Again, the issue here is that these properties are being intentionally kept back from the market due to valuation.
But the real estate agent now brings a pistol when he visits the foreclosures he is trying to sell for banks, in case he runs into squatters in the long-vacant homes.
The problem in all three places, and thousands of towns across the country, is the same: Banks have every incentive to drag their feet in both recognizing that loans are delinquent and thus to prosecute foreclosure in the first place, but also, once that has occurred, they have every incentive to hold properties off the market - the so-called "shadow inventory" - to avoid recognizing losses that have already occurred.
Dr. Housing Bubble puts a bit decent amount of focus on this, drilling down into one particular MSA and finding 465 homes in the MLS. Of those, about 160 are either short sales or foreclosures.
But there are 1639 homes that are in pre-foreclosure, bank-owned or defaulted. Take the public listings out and you have 1,477 homes thare are "missing in action" yet in fact are not owned by a stable, paying owner.
OTS, on May 22nd, acknowledged these practices and yet is doing nothing about it:
The review disclosed several practices that may not be in accordance with supervisory guidance and generally accepted accounting principles (GAAP).
Translation: Under GAAP these practices are accounting fraud.
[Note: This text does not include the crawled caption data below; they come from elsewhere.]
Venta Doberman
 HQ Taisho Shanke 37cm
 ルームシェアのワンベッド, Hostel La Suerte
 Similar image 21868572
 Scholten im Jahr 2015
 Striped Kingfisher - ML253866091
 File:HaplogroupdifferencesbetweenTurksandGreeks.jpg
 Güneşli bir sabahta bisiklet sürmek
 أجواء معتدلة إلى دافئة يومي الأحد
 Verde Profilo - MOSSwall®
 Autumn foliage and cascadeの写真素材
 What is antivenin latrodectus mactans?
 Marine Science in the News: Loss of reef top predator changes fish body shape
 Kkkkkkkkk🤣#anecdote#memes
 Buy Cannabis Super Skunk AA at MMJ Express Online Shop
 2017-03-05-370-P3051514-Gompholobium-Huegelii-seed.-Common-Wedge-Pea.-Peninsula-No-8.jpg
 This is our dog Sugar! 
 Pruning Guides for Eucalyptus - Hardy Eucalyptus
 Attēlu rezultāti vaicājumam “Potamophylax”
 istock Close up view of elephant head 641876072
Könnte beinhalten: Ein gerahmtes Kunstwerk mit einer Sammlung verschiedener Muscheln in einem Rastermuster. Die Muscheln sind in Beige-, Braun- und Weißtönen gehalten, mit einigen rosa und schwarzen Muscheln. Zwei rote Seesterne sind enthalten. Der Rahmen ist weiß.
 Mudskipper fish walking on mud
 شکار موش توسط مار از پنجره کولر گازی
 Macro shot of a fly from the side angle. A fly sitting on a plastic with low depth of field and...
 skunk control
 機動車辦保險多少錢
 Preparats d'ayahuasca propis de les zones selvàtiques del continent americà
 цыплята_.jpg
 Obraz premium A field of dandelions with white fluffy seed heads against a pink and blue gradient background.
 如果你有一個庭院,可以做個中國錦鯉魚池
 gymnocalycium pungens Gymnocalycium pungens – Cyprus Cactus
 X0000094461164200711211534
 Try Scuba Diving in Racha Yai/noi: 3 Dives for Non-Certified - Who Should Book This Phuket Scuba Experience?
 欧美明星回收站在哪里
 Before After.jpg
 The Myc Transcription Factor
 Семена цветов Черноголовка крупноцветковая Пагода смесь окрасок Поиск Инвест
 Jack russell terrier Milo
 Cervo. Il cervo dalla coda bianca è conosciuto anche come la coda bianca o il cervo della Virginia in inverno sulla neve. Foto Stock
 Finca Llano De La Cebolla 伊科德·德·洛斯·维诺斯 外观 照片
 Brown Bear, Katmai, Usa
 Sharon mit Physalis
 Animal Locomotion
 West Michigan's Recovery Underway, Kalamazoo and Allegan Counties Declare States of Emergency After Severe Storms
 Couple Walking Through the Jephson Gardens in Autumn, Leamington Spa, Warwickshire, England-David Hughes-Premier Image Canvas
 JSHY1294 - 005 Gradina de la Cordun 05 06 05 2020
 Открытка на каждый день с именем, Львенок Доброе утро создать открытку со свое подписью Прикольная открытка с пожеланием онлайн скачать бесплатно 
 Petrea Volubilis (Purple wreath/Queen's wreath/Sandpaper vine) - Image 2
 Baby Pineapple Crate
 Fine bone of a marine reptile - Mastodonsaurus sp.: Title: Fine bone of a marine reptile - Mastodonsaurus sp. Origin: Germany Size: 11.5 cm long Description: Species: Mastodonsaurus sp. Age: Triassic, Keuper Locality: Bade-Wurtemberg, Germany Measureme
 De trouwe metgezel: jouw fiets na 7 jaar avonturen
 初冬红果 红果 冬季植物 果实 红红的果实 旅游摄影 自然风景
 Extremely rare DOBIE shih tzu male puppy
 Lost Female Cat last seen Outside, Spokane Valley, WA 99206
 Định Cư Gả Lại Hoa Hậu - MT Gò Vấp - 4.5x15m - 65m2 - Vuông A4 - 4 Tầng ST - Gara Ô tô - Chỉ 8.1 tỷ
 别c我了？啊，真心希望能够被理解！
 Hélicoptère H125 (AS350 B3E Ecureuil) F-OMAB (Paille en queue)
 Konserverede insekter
Institutions charge-off losses only at foreclosure or when deemed uncollectible. A sound practice is to establish charge-off policies in accordance with the Uniform Retail Credit Classification and Account Management Policy (CEO Memo #128, July 27, 2000). Institutions should assess the current value of the collateral and selling costs when a loan is no more than 180 days past due. Any loan balance in excess of that assessment should be classified Loss.
Translation: Banks and Thrifts are holding loans at values that do not reflect the value of the collateral or likelihood of collection. That is, they're lying.
Institutions stated that modifications to interest rates that reflect current market rates are not troubled debt restructurings (TDRs), even when these rates are concessions granted to borrowers. However, if the borrower cannot obtain a loan at a similar rate and with similar terms with another lender, the modification is likely a TDR. Institutions should properly identify TDRs in accordance with GAAP and properly account for the TDRs. A loan modification is a TDR when a creditor grants a borrower a concession it would not otherwise consider because of economic or legal reasons pertaining to the borrowers financial difficulties.
All loans under "HAMP" (the government modification program) are TDRs. No borrower, absent distress of some sort, would get a similar extension of term or modification. Again, another lie.
Institutions place loans on nonaccrual status when deemed uncollectible and do not reverse accrued but uncollected interest through current earnings. An institutions nonaccrual policy should require that a loan be placed on nonaccrual status in a timely manner, generally when 90-days delinquent, and accrued but uncollected interest should be reversed through current earnings when it is probable that the interest will not be collected in cash from the borrower.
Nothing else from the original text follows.